44. Lastly, the Court cannot but note that the proceedings against the applicant are still pending before the first-instance court and that he still remains in custody.
45. In the circumstances, the Court finds that the grounds given for the applicant’s pre-trial detention were not “relevant” and “sufficient” to justify holding him in custody for the whole of an extremely long period of over 6 years.
46. There has accordingly been a violation of Article 5 § 3 of the Convention.
II. APPLICATION OF ARTICLE 41 OF THE CONVENTION
47. Article 41 of the Convention provides:
“If the Court finds that there has been a violation of the Convention or the Protocols thereto, and if the internal law of the High Contracting Party concerned allows only partial reparation to be made, the Court shall, if necessary, afford just satisfaction to the injured party.”
48. The applicant claimed 42,034 Polish zlotys (PLN) in respect of pecuniary and PLN 200,000 in respect of non-pecuniary damage.
49. The Government contended that the sum claimed was excessive. They requested the Court to rule that the finding of a violation would constitute in itself sufficient just satisfaction. In the alternative, they invited the Court to make an award of just satisfaction on the basis of its case-law in similar cases and national economic circumstances.
50. The Court does not discern any causal link between the violation found and the pecuniary damage alleged; it therefore rejects this claim. On the other hand, it considers that the applicant has suffered non-pecuniary damage – such as distress resulting from the excessive length of his detention – which is not sufficiently compensated by the finding of a violation of the Convention and awards the applicant EUR 4,000 in respect of non-pecuniary damage.
B. Costs and expenses
51. The applicant also claimed PLN 12,000 for the costs and expenses incurred before the domestic courts and in the Court.
52. The Government asked the Court to make an award only in so far as the costs and expenses claimed were actually and necessarily incurred and were reasonable as to quantum.
53. The Court reiterates that only legal costs and expenses found to have been actually and necessarily incurred and which are reasonable as to quantum are recoverable under Article 41 of the Convention (see, among other authorities, Nikolova v. Bulgaria [GC], no. 31195/96, § 79, ECHR 1999-II). In the present case, the Court finds that the applicant has not produced any evidence supporting his claim as required by Rule 60 § 2 of the Rules of Court. Accordingly, it makes no award under this head.
C. Default interest
54. The Court considers it appropriate that the default interest should be based on the marginal lending rate of the European Central Bank, to which should be added three percentage points.
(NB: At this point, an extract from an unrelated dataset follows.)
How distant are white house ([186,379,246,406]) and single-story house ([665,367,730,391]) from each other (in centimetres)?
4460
FOR THESE REASONS, THE COURT UNANIMOUSLY
1. Declares the application admissible;
2. Holds that there has been a violation of Article 5 § 3 of the Convention;
(a) that the respondent State is to pay the applicant, within three months from the date on which the judgment becomes final in accordance with Article 44 § 2 of the Convention, EUR 4,000 (four thousand euros) in respect of non-pecuniary damage, to be converted into the national currency of the respondent State at the rate applicable at the date of settlement, plus any tax that may be chargeable;
(b) that from the expiry of the above-mentioned three months until settlement simple interest shall be payable on the above amount at a rate equal to the marginal lending rate of the European Central Bank during the default period plus three percentage points;
4. Dismisses the remainder of the applicant’s claim for just satisfaction.
Done in English, and notified in writing on 28 March 2006, pursuant to Rule 77 §§ 2 and 3 of the Rules of Court.